#### Work instructions:
Where a line in the records below includes "White", pull that line out.

#### Data records:
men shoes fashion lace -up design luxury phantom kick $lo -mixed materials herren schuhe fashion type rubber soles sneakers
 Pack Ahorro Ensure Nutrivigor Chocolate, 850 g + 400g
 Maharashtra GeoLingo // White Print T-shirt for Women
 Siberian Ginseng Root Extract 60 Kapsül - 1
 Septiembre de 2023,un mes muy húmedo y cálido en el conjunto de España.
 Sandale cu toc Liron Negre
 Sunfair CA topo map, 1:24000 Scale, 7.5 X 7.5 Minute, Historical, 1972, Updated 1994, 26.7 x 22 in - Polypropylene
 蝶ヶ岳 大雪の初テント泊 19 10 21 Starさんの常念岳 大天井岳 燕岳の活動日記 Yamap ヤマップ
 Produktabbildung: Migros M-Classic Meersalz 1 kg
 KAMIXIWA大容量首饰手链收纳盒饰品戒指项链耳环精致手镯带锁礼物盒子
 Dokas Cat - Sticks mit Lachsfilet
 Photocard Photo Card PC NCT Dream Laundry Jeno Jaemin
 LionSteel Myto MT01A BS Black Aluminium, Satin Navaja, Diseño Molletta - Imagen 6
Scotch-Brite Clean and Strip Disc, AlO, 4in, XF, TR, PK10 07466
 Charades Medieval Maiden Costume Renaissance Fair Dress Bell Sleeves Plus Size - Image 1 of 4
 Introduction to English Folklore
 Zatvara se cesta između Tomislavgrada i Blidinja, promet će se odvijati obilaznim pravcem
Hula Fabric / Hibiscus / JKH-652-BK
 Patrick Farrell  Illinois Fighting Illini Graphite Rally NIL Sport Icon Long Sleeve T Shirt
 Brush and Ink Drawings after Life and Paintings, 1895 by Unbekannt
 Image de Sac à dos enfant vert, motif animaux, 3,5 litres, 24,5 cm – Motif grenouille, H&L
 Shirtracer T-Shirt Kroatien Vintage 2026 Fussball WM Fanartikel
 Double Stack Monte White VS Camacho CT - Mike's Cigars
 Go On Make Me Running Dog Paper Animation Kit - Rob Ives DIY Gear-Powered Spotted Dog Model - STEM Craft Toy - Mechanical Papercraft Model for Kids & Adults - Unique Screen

#### Answer to this problem:
 Maharashtra GeoLingo // White Print T-shirt for Women
 Double Stack Monte White VS Camacho CT - Mike's Cigars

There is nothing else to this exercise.